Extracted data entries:
-*-*-

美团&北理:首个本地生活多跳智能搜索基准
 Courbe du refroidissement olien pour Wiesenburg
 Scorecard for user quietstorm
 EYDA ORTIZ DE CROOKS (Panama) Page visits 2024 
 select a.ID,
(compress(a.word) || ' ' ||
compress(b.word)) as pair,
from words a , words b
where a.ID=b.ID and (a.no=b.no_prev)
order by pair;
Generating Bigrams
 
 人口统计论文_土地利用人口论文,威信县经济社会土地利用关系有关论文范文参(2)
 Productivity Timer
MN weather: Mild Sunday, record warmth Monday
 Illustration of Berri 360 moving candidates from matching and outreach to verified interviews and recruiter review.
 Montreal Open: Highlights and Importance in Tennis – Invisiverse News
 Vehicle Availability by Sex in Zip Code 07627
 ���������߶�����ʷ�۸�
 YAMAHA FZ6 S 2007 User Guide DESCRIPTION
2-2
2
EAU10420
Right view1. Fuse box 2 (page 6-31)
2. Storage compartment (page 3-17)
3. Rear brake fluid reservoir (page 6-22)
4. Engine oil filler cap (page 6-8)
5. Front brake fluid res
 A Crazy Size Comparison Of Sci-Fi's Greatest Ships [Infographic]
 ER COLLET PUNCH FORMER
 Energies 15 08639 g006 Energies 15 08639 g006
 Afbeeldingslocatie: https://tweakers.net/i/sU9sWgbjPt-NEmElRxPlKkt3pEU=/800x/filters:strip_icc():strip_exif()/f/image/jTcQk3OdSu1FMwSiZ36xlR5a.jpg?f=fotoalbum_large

-*-*-

> [Task description] How many of the lines above include the string "brake"? Give only the number.

> [Task response] 2